"Yes, but they don't remember the night."

"Then it may go hard with you. Alf, I still believe you had somethin' to do with that case."

"I didn't, Anderson, so help me."

"Well, doggone it, somebody did," roared the marshal. "If it wasn't you, who was it? Answer that, sir."

"Why, consarn you, Anderson Crow, I didn't have any spare children to leave around on doorsteps. I've allus had trouble to keep from leavin' myself there. Besides, it was a woman that left her, wasn't it? Well, consarn it, I'm not a woman, am I? Look at my whiskers, gee whiz! I—"

"I didn't say you left the baskit, Alf; I only said you'd somethin' to do with it. I remember that there was a strong smell of liquor around the place that night." In an instant Anderson was sniffing the air. "Consarn ye, the same smell as now—yer drunk."

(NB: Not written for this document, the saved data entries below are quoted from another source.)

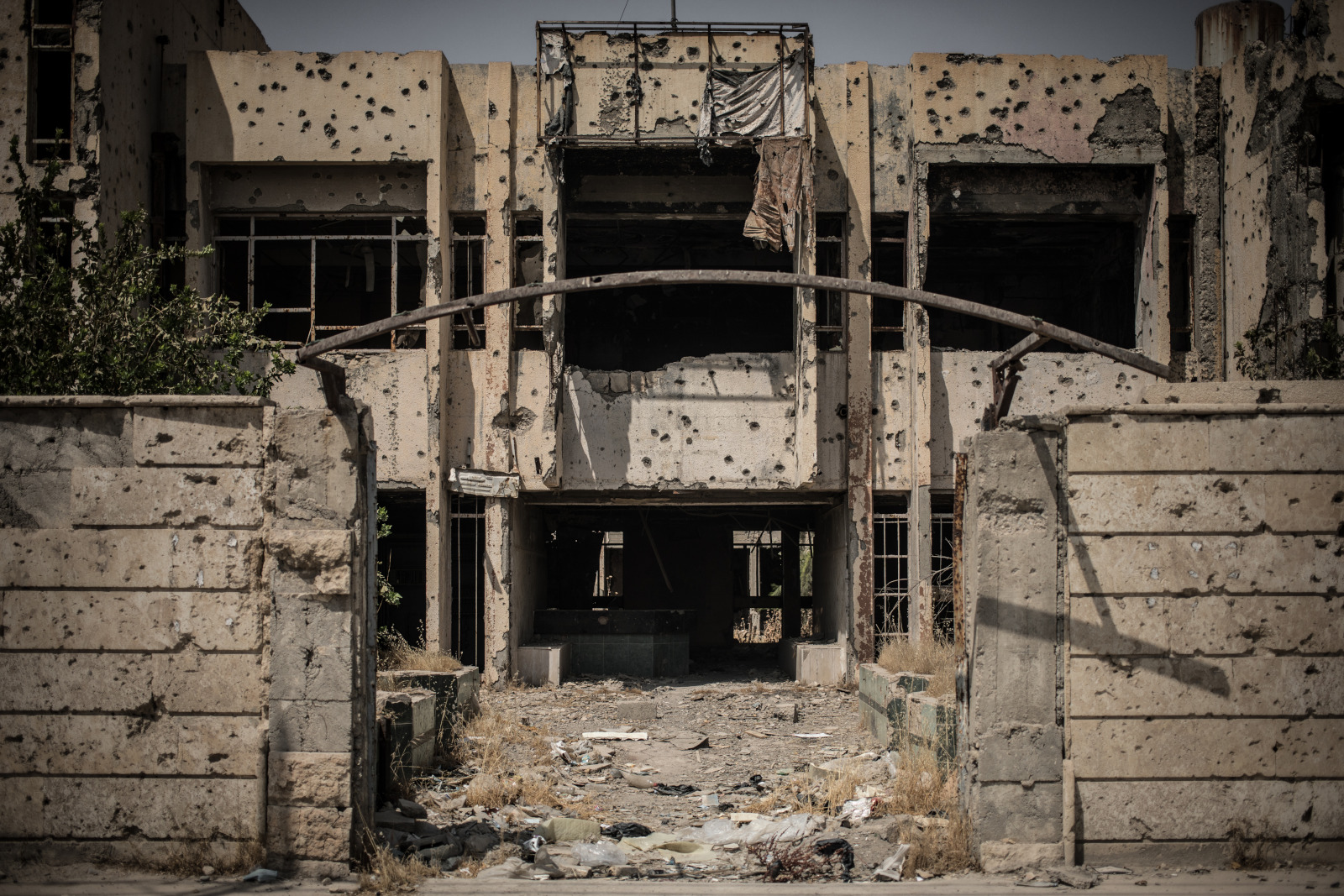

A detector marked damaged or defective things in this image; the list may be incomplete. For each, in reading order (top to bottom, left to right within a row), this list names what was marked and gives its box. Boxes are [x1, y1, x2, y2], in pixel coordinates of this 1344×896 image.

broken window frame [27, 0, 73, 163]
torn fabric [699, 49, 803, 138]
torn fabric [746, 138, 810, 254]
broken window frame [213, 213, 428, 349]
broken window frame [450, 215, 487, 351]
broken window frame [511, 212, 544, 349]
rusted metal arch [299, 269, 1169, 411]
broken window frame [813, 212, 847, 349]
broken window frame [867, 212, 907, 349]
broken window frame [1163, 215, 1196, 354]
broken window frame [874, 511, 907, 635] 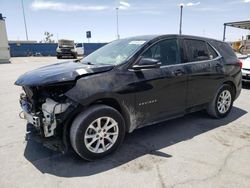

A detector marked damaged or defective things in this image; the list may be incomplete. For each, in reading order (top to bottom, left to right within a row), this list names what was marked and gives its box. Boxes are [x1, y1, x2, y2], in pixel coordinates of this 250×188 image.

damaged hood [14, 60, 114, 86]
front bumper damage [19, 93, 72, 152] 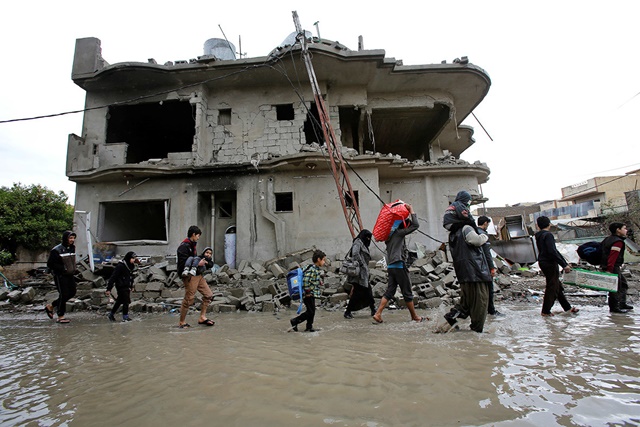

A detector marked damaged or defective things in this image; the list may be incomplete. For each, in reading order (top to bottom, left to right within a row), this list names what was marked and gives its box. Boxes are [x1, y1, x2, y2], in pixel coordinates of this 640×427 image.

broken window [105, 100, 194, 164]
damaged concrete building [67, 35, 492, 266]
broken window [276, 104, 296, 121]
broken window [302, 103, 322, 146]
broken window [97, 201, 168, 244]
broken window [276, 193, 296, 213] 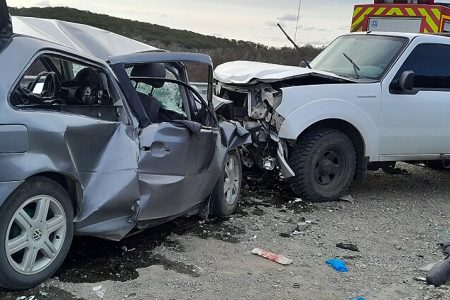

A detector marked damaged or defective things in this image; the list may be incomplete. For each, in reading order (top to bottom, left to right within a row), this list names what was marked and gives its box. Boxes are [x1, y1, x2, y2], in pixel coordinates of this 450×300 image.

crumpled hood [214, 60, 352, 84]
shattered windshield [310, 34, 408, 81] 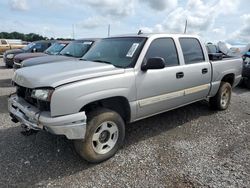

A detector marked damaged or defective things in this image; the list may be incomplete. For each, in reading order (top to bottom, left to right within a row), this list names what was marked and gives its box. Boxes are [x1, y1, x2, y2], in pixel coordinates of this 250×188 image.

damaged front bumper [8, 94, 87, 140]
bumper damage [8, 94, 87, 140] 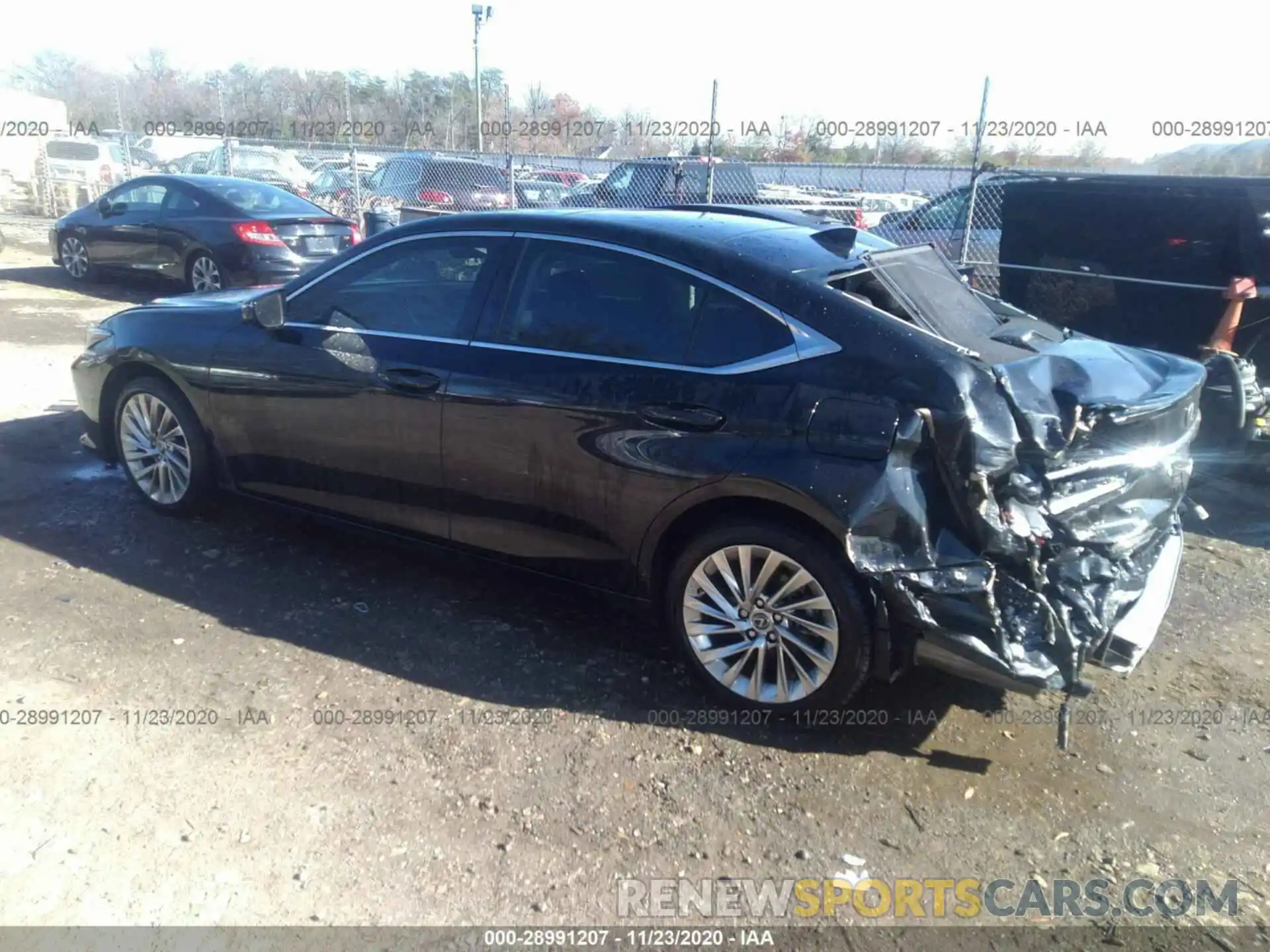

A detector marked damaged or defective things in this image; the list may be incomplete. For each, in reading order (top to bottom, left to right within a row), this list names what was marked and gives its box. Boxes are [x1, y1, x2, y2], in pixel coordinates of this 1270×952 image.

severe front-end damage [836, 249, 1206, 709]
crumpled hood [847, 335, 1206, 693] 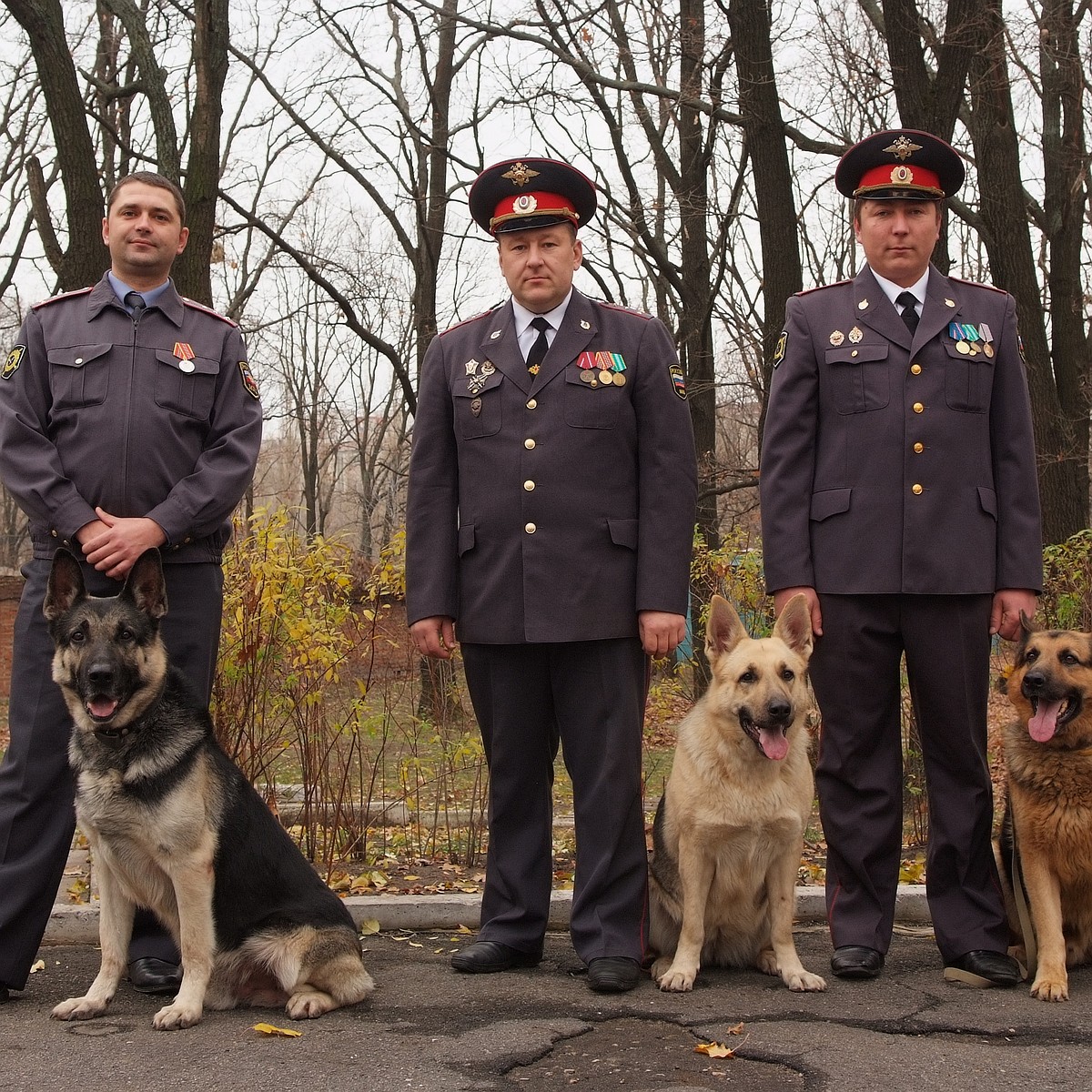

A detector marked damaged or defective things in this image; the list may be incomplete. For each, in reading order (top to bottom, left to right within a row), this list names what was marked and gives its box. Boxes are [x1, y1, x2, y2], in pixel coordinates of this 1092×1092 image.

cracked asphalt pavement [2, 921, 1092, 1092] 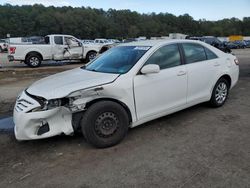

"Tom Folly drinks, too," protested Alf. "He drinks Martini cocktails."

"Don't you?"

"Not any more. The last time I ordered one was in a Dutch eatin' house up to Boggs City. The waiter couldn't speak a word of English, an' that's the reason I got so full. Every time I ordered 'dry Martini' he brought me three. He didn't know how to spell it. No, sir, Anderson; I'm not the woman you want. I was at home asleep that night. I remember jest as well as anything, that I said before goin' to bed that it was a good night to sleep. I remember lookin' at the kitchen clock an' seein' it was jest eighteen minutes after eleven. 'Nen I said—"

"That'll be all for to-day, Alf," interrupted the questioner, his gaze suddenly centering on something down the street. "You've told me that six hundred times in the last twenty years. Come on, I see the boys pitchin' horseshoes up by the blacksmith shop. I'll pitch you a game fer the seegars."